References on experimental realization of quantum one-dimensional infinite-well model

Question

Can someone point me to the examples, or references, of experimental realization of the quantum one-dimensional infinite-well model?

[EDIT] The motivation of this question is the curiosity - though I am not a novice on topics of the quantum theory (QT). To the best of my knowledge, I have not seen anywhere the experimental realization of this widely discussed model. The classical correspondence is the simple box with two elastic walls at the ends. However I would not think that the experimental realization of this system, at quantum level, should be trivial, since any experiments on a single quantum particle would be very useful for studying the foundation of the QT. So I am simply curious to know, whether some people have ever already studied this model experimentally, or not. Hope this would help explain my question.

Answer 1

It is indeed possible to make experimental realizations which are very close to the ideal infinite quantum well. The cleanest way to do this is using what are known as nanostructures / heterostructures in semiconductor joints, as well as quantum dots and quantum wires.

Semiconductor nanostructures work by confining electrons to the interface between layers made of different semiconductors. At the interface between them, the interaction between the different Fermi surfaces can cause a sharp downward spike in the chemical potential. This creates a sharp quantum well in the $z$ direction in which electrons can accumulate, and if you cool the material to liquid helium temperatures they will collect at the well's ground state. This effectively 'freezes out' the motion in that direction, and the result is known as a 2-dimensional electron gas. (The Wikipedia page also has nice explanations.)

A good review of this technology is

The role of surface-gate technology for AlGaAs/GaAs nanostructures. R.P. Taylor. Nanotechnology 5 no. 4, 183 (1994).

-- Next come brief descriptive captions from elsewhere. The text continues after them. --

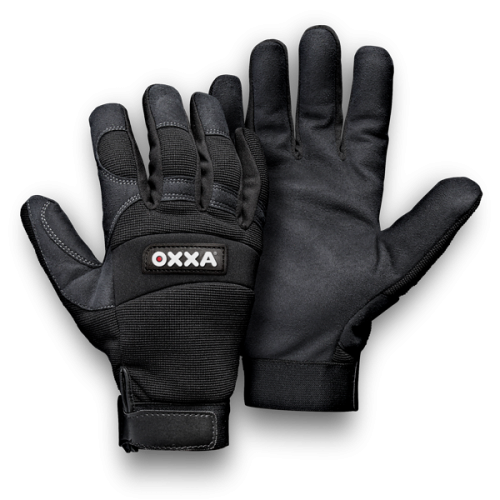 OXXA X-Mech 51-600 werkhandschoenen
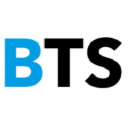 BARCELONA TECHNOLOGY SCHOOL logo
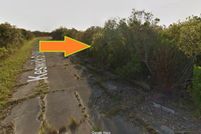 Land for sale in Brevard County, Florida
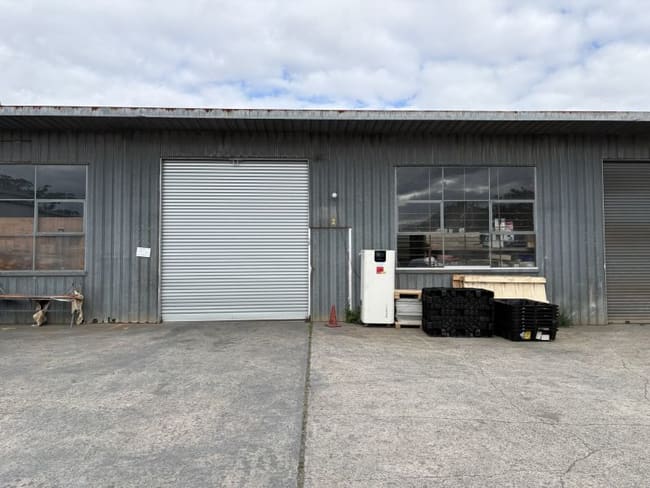 Unit 1/962 Burwood Highway Ferntree Gully VIC 3156 Unit 1/962 Burwood Highway Ferntree Gully VIC 3156
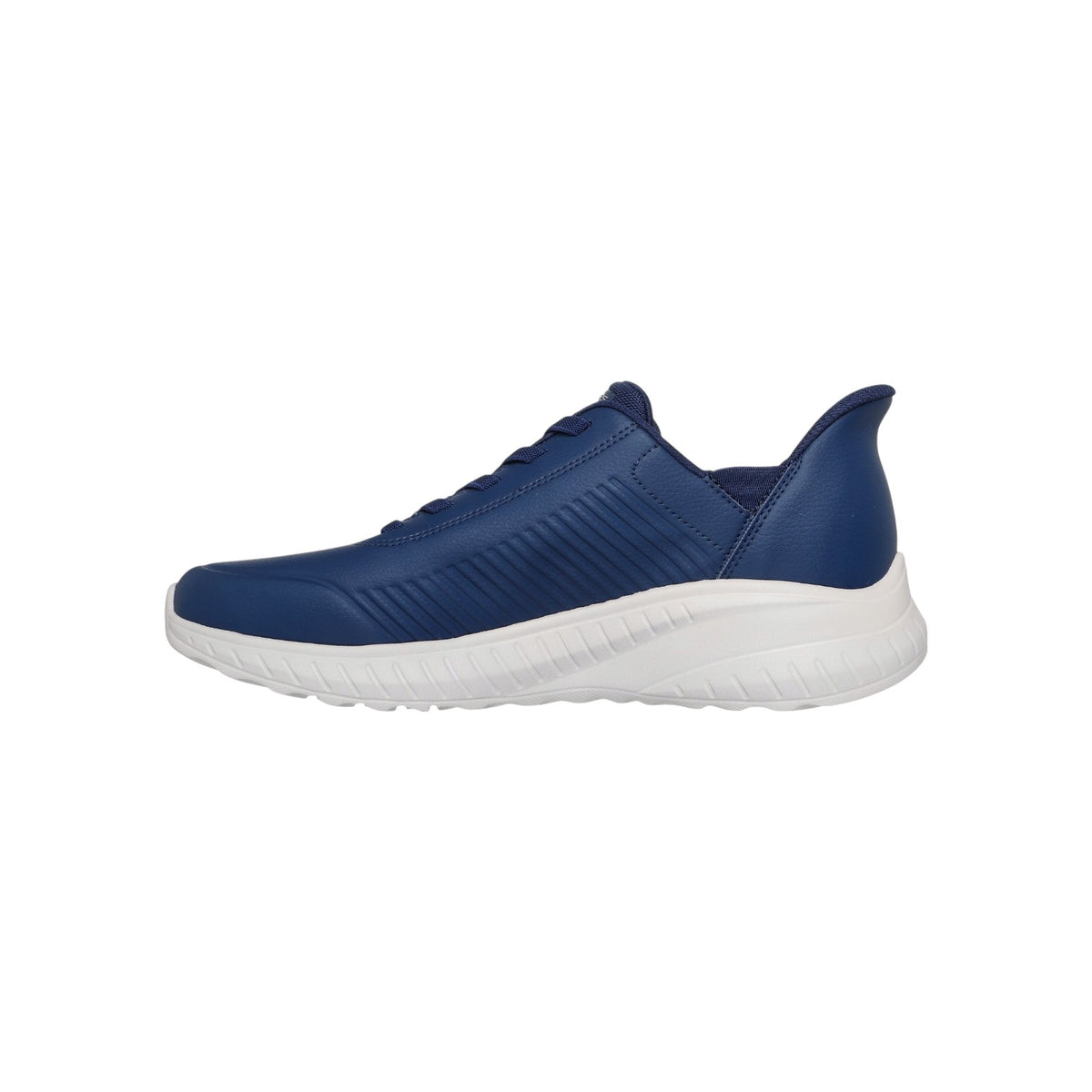 SKECHERSFW26/quality-sport-sneakers-skechers-118305-DKNV-2.jpg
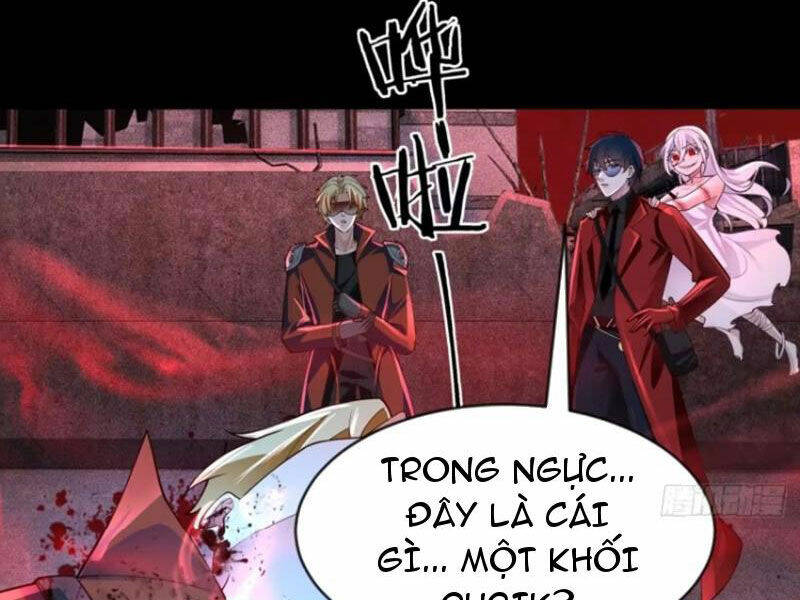 Từ Hồng Nguyệt Khai Thủy Chapter 173 - Trang 2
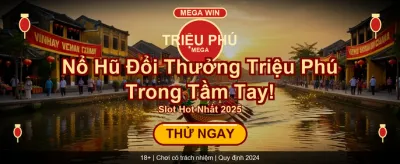 Trải nghiệm Giải trí Đẳng cấp
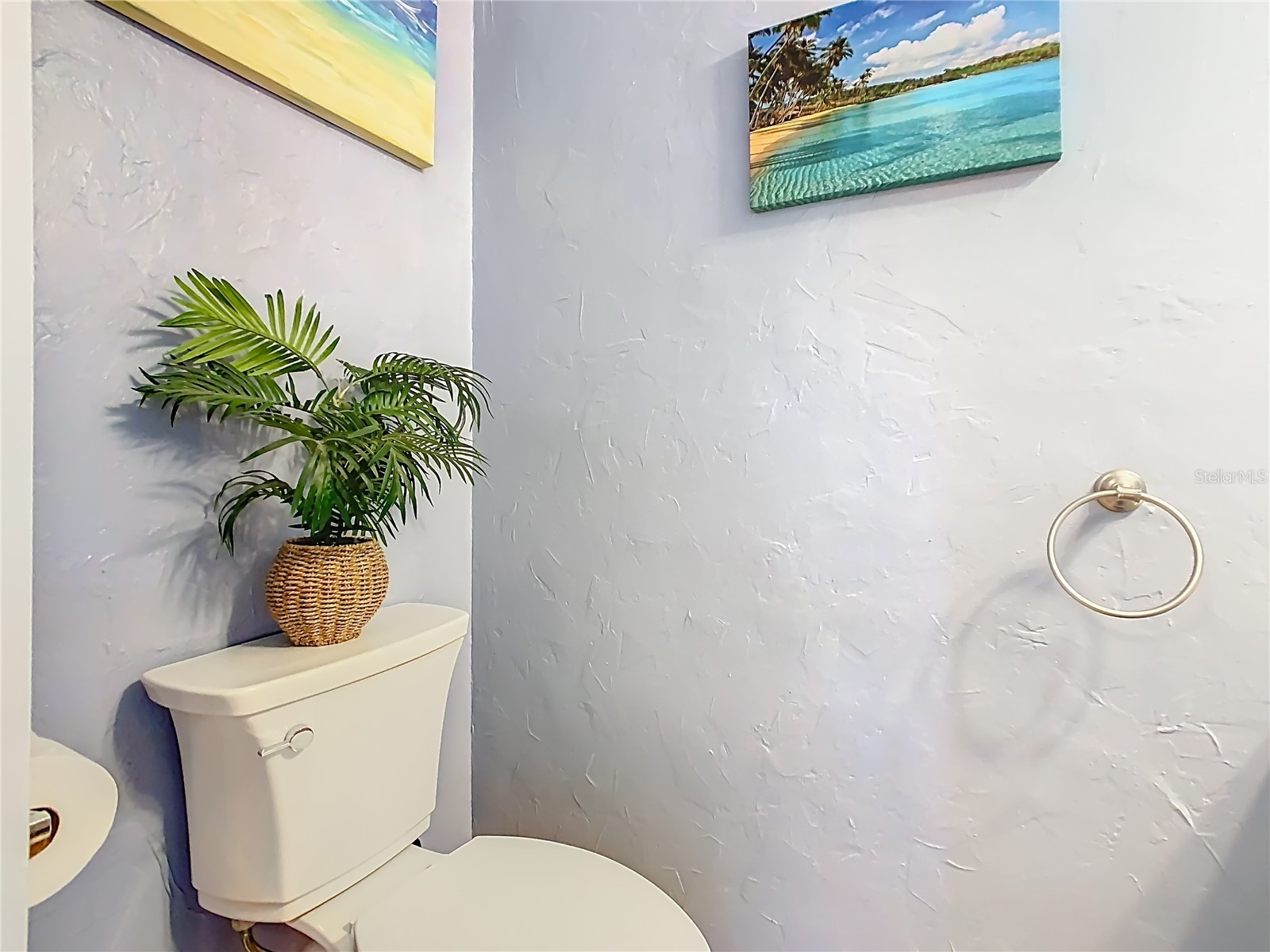 8651 Wee Farms Lane Polk City FL 33868 S5142112 image32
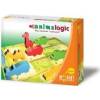 Huch & Friends animalogic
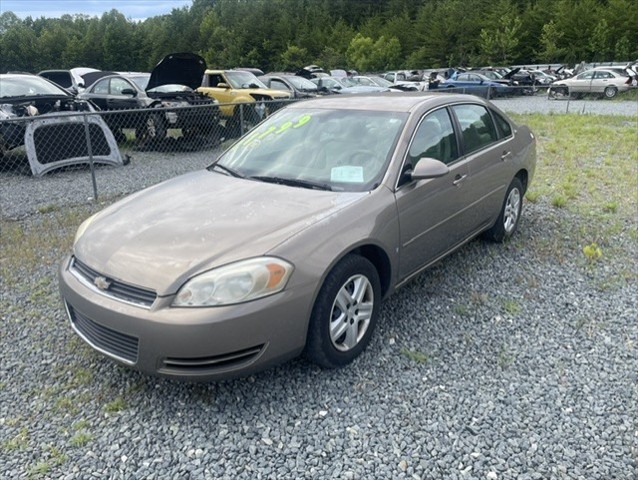 Used car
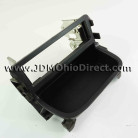 JDM EK9 Civic Type R Cup Holder Delete 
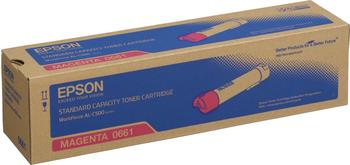 Epson C13S050661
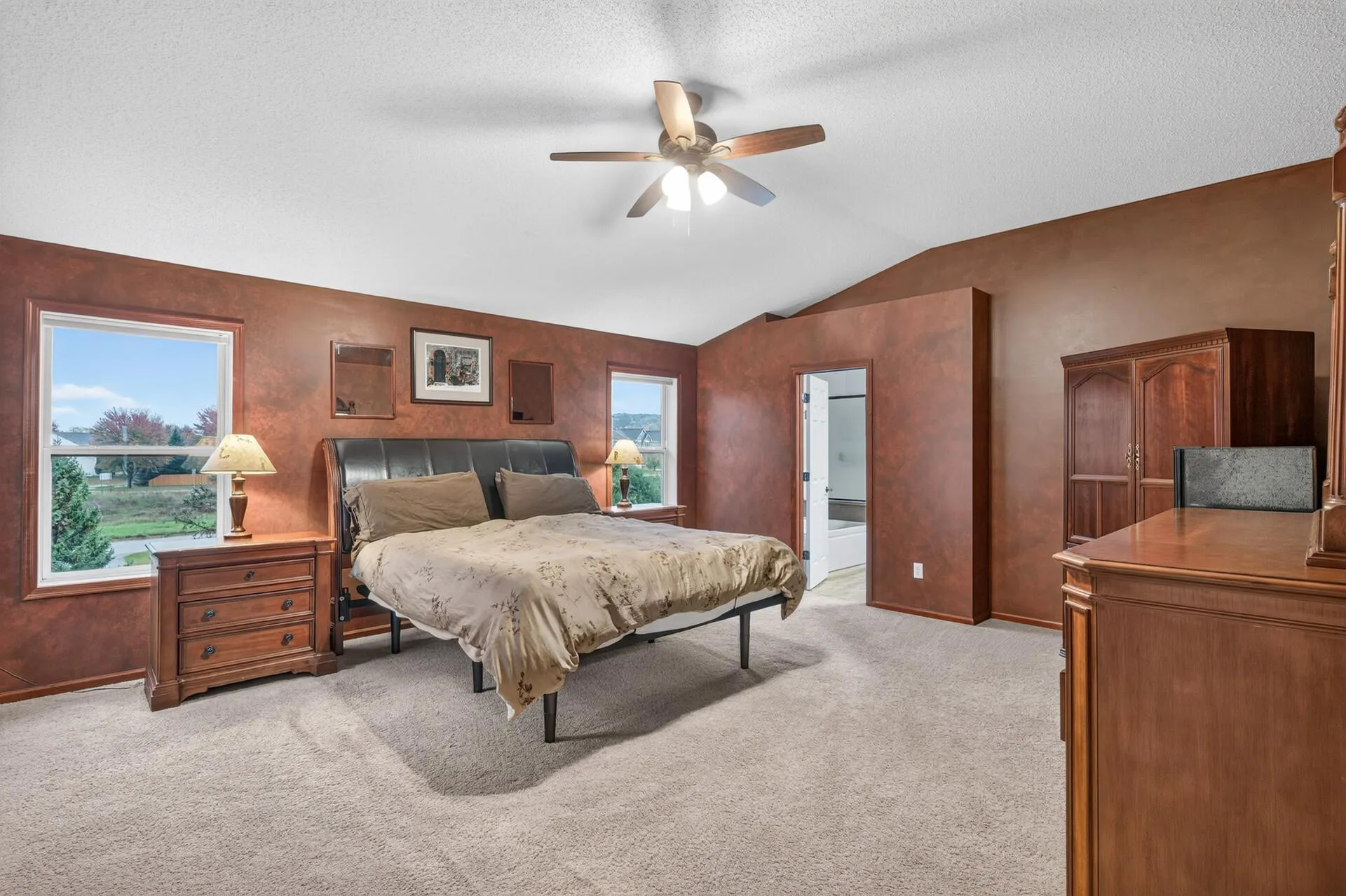 Photo 17 of 1779 Fescue Court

The motion of this electron gas in the $x,y$ plane is then further controlled by electrodes on the surface of the device. Using box-like electrodes, you can get the confined electron gas to reproduce at least the first few states of the particle-in-a-box.

Optical emission and Raman scattering in modulation-doped gaAs-AlGaAs quantum wires and dots. P.D. Wang et al. Superlattices and Microstructures 15 no. 1, 23 (1994).

Some other references which look good for this are

Probing Many Body Effects in Semiconductor Nanostructures. Ron M. Potok, PhD thesis. Harvard University, 2006.

and the chapter on nanostructures in

Introduction to Solid State Physics. Charles Kittel, Wiley, 2005; ark:/13960/t4vh6vm9v.

That said, it is hard to get beyond the first few levels of the particle-in-a-box, and there is no real reason to try hard to obtain this. Instead, two-dimensional electron gases offer an amazing laboratory to study a broad range of phenomena encoded by single-particle Schrödinger equations in two dimension. For a nice review of more recent work, including cyclotron orbits and Aharonov-Bohm interferometry, see

Time‐dependent approach to transport and scattering in atomic and mesoscopic physics. Tobias Kramer. AIP Conf. Proc. 1334, 142 (2011), in XL Latin American School of Physics, Mexico City, 26 July–6 August 2010.